Anna won this week's Poetry Book contest for National Poetry Month. She received a volume of Yeats poems and selected plays.

I also want to alert you to the third contest for the month, again a volume of poetry. So it looks like this will be the last chance to win a volume of poetry for National Poetry Month. You'll have to check out these National Poetry Month links to find out their secrets.

Those interested in the contest, please either post an original poem or your favorite poem in the comments by May 2, and I will post the winner on May 3.

Unfortunately, my aunt and Anna will not allowed to grace us with their witty poems this time around since they both already won a poetry volume. Even if you entered the last contest, please do enter again, with a different poem. Let's Celebrate National Poetry Month.

8 comments:

Anna said...

Thanks again for the Yeats!

I know I can't enter again, but here's another piece of poetry:


Fire Pages

I will read ashes for you, if you ask me.
I will look on the fire and tell you from the gray lashes
And out of the red and black tongues and stripes,
I will tell how fire comes
And how fire runs far as the sea.

Carl Sandburg

Serena said...

OOOOOOO

I like this poem. I have not read much of Sandburg, if anything.

Good find!

Ana S. said...

I've never read Sandburg either, but I like the poem Anna posted.

Here's one of my favourites:

somewhere i have never travelled, gladly beyond
any experience, your eyes have their silence:
in your most frail gesture are things which enclose me,
or which i cannot touch because they are too near

your slightest look easily will unclose me
though i have closed myself as fingers,
you open always petal by petal myself as Spring opens
(touching skilfully, mysteriously) her first rose

or if your wish be to close me, i and
my life will shut very beautifully, suddenly,
as when the heart of this flower imagines
the snow carefully everywhere descending;

nothing which we are to perceive in this world equals
the power of your intense fragility: whose texture
compels me with the colour of its countries,
rendering death and forever with each breathing

(i do not know what it is about you that closes
and opens; only something in me understands
the voice of your eyes is deeper than all roses)
nobody, not even the rain, has such small hands

-- e. e. cummings

Serena said...

Great poem choice. Thanks Nymeth for entering.

mariel said...

Hi! I discovered your blog through Nymeth and Weekly Geeks, and thought I would share this beautiful poem, one of my favourites that I discovered a few years ago, and converted me to the world of Billy Collins.


The Country
Billy Collins

I wondered about you
when you told me never to leave
a box of wooden, strike-anywhere matches
lying around the house because the mice

might get into them and start a fire.
But your face was absolutely straight
when you twisted the lid down on the round tin
where the matches, you said, are always stowed.

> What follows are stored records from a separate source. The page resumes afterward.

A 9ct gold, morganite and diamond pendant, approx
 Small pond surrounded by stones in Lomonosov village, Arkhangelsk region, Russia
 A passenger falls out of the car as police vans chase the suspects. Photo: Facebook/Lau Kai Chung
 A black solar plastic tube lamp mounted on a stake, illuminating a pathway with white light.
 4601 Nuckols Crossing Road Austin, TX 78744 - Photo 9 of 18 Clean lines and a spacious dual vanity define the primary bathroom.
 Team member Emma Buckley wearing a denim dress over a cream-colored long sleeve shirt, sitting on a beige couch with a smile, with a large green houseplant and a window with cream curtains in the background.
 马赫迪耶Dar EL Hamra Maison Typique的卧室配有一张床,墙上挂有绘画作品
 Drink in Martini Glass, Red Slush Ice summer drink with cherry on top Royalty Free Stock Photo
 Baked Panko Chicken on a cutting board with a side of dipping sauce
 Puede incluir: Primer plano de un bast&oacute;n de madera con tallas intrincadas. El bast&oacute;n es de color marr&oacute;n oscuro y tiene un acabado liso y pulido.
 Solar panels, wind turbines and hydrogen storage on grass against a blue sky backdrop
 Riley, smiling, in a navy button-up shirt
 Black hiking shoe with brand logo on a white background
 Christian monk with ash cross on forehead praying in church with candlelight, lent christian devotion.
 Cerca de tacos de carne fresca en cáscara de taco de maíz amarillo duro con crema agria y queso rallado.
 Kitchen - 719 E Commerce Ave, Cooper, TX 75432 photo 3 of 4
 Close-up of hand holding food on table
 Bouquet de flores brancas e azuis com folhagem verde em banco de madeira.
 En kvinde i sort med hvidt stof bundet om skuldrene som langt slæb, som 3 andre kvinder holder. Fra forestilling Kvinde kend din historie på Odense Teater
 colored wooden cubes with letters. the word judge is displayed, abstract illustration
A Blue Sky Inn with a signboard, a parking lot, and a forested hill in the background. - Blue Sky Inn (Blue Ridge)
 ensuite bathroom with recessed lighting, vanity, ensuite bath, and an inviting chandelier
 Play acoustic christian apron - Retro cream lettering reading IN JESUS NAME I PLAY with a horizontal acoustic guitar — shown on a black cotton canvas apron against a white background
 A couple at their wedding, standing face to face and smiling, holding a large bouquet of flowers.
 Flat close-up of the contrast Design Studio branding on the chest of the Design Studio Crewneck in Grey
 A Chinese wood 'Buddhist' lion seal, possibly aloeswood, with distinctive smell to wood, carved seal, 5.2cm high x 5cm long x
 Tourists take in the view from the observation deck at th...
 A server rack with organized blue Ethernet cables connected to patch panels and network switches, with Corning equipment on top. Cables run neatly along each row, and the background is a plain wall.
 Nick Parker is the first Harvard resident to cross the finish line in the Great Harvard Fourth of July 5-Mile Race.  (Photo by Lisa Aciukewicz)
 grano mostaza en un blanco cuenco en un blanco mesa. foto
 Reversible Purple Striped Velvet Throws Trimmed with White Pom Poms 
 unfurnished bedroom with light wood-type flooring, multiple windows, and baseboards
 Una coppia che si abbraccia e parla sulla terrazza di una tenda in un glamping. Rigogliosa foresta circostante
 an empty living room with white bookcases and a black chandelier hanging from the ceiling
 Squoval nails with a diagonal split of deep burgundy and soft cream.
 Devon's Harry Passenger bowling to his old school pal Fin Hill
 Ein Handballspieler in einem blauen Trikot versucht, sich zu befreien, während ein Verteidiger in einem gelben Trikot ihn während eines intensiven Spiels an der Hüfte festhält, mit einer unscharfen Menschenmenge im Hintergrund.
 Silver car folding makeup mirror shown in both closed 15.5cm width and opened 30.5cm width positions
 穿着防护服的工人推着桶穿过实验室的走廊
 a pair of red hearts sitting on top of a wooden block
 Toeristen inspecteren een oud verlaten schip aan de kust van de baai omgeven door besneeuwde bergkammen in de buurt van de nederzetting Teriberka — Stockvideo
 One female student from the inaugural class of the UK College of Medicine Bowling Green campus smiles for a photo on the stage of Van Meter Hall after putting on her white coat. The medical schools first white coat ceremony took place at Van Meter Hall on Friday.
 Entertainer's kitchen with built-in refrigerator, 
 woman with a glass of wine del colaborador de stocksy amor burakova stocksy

Who could sleep that night?
Who could whisk away the thought
of one unlikely mouse
padding along a cold water pipe

behind the floral wallpaper
gripping a single wooden match
between the needles of his teeth?
Who could not see him rounding a corner,

the blue tip scratching against a rough-hewn beam,
the sudden flare, and the creature
for one bright, shining moment
suddenly thrust ahead of his time-

now a fire-starter, now a torchbearer
in a forgotten ritual, little brown druid
illuminating some ancient night.
Who could fail to notice,

lit up in the blazing insulation
the tiny looks of wonderment on the faces
of his fellow mice, onetime inhabitants
of what once was your house in the country?

Serena said...

Mariel and Nymeth thanks for contributing your poems for the contest. I will be drawing names on May 3.

I've read some of Billy Collins' work, but not that particular poem. I enjoyed it. And E.E. Cummings is another of my favorite poets of all time. What a great choice Nymeth.

Thanks for stopping by. I plan on searching through Weekly Geeks sometime today and checking out other blogs as well, and posting my progress on the first challenge.

Suey said...

Here's another one I've always liked:

Farewell to barn and stack and tree
by A. E. Housman

'Farewell to barn and stack and tree,
Farewell to Severn shore.
Terence, look your last at me,
For I come home no more.

'The sun burns on the half-mown hill,
By now the blood is dried;
And Maurice amongst the hay lies still
And my knife is in his side.

'My mother thinks us long away;
'Tis time the field were mown.
She had two sons at rising day,
To-night she'll be alone.

'And here's a bloody hand to shake,
And oh, man, here's good-bye;
We'll sweat no more on scythe and rake,
My bloody hands and I.

'I wish you strength to bring you pride,
And a love to keep you clean,
And I wish you luck, come Lammastide,
At racing on the green.

'Long for me the rick will wait,
And long will wait the fold,
And long will stand the empty plate,
And dinner will be cold.'

Serena said...

I remember this poem, but could never remember who wrote it. Now, I have a record of who wrote it.

Thanks again for entering Suey. I will be drawing names on Sat.